1日の睡眠時間と疾患との関係は、さまざまな研究データで示されています。

糖尿病
7〜8時間の人に比べて、5時間未満の人は2.5倍、6時間の人でも1.7倍も発症リスクが高まります。9時間以上でも1.8倍です。

肥満
5時間を切ると肥満を招きます。睡眠が不足すると甘みに鈍感になります。また、満腹を感じるホルモンが低下する一方で、空腹を感じるホルモンが増えます。より甘い物を求め、空腹感が強くなるために体重が増えてしまうのです。食事のコントロールと適度な運動ができていても肥満になり、糖尿病や高血圧のほか、コレステロールが上がって心筋梗塞や脳血管障害を起こしやすくなります。

がん

とくに女性の乳がん、男性の前立腺がんは睡眠不足によって増加することが分かっています。

免疫力
7時間の人に比べ、5時間未満の人は4.5倍も風邪をひきやすくなります。睡眠不足は免疫力を低下させ、インフルエンザや新型コロナにも感染しやすくなります。

認知症
福岡県久山町での疫学調査の結果、最も認知症になりにくくて死亡率も低かったのは5時間から6.9時間の人でした。5時間未満の人は認知症に約3倍もなりやすく、8時間以上の人も認知症になりやすかったのです。

うつ
6時間から8時間ぐらいの人は程度が軽く、5時間を切ると重症になります。9時間を超えても重症化します。

死亡リスク
男女ともに最もリスクが低いのは6.5時間から7.4時間の人でした。

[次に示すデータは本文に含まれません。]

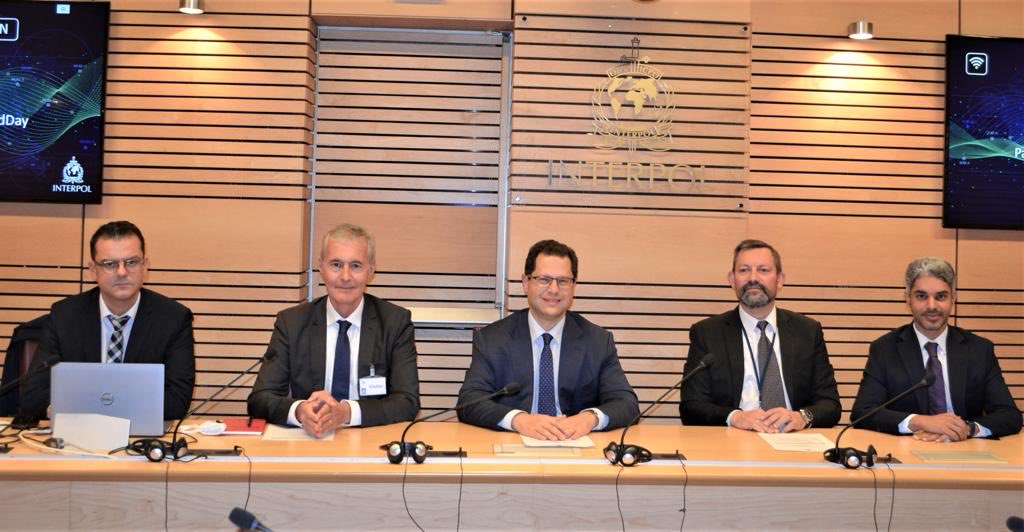 Échanges fructueux à Lyon entre la ⁦<a href="/cnsj_fr/">Coordination nationale sécurité des JOP 2024</a>⁩ et ⁦⁦<a href="/INTERPOL_HQ/">INTERPOL</a>⁩ sur la coopération en vue de la coupe du monde de rugby #France2023 et des Jeux #Paris2024 et sur le projet Stadia mis en œuvre depuis 2012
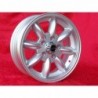 1 Felge Minilite 5.5x15 5x114.3 Volvo 120 P1800 PV444 544 silver/diamond cut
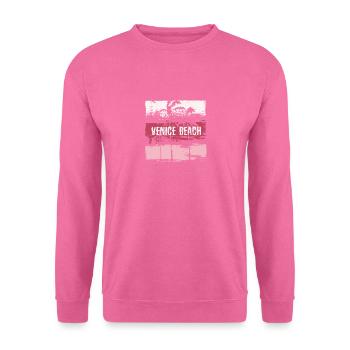 Venice Beach Kalifornien Urlaubssouvenir - Unisex Pullover - Pink - Vorne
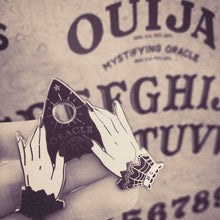 Load image into Gallery viewer, Oracle Planchette - Enamel Pin
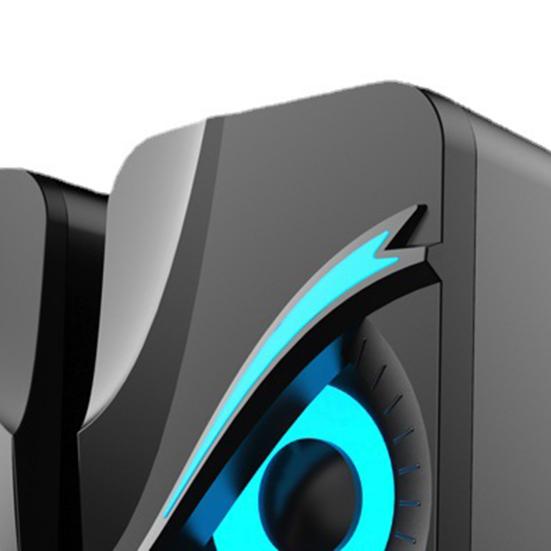 1 пара USB проводных динамиков портативный мини крутой RGB динамик громкоговоритель сабвуфер ПК компьютер ноутбук динамик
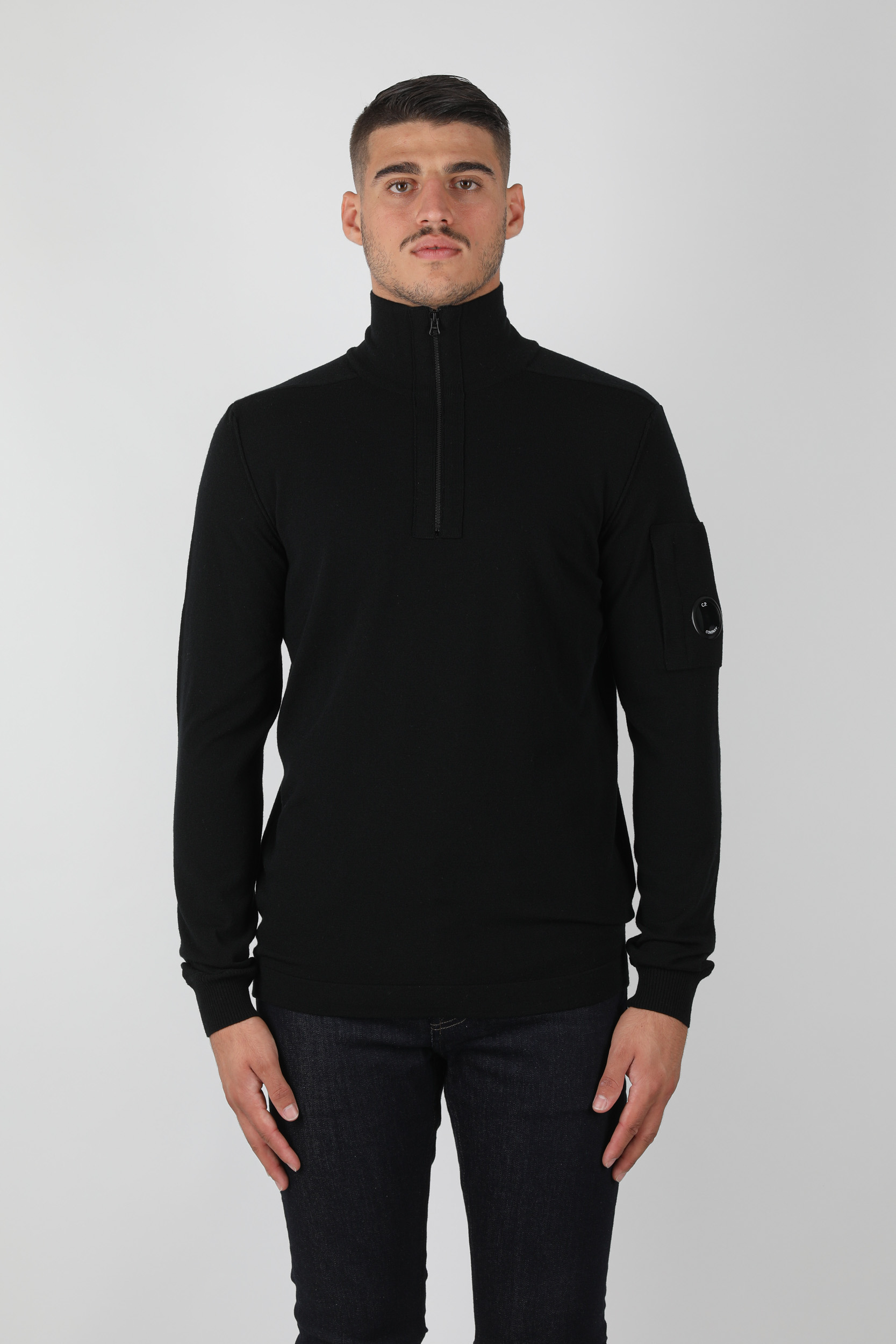 PULL COL CAMIONEUR C.P COMPANY NOIR N102A-999,PULL COL CAMIONEUR C.P COMPANY NOIR N102A-999,PULL COL CAMIONEUR C.P COMPANY NOIR N102A-999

5時間を切る人、9時間以上の人は非常にリスクが高まります。

シニアは8時間以上床で過ごさないこと

こうした多くのデータを基に作成した「健康づくりのための睡眠ガイド2023」で、20〜59歳の適正な睡眠時間は6〜9時間としました。とくに40〜59歳の人は5.5時間未満だと死亡リスクが上昇し、かつ起床時に休息感がなければより高まります。
 
60歳以上は6〜8時間です。眠っていなくても、床に就いている時間が8時間以上だと死亡リスクが高まります。それでも起床時に休息感を得られている人のリスクはさほど上がりませんが、感じない人は顕著に上がります。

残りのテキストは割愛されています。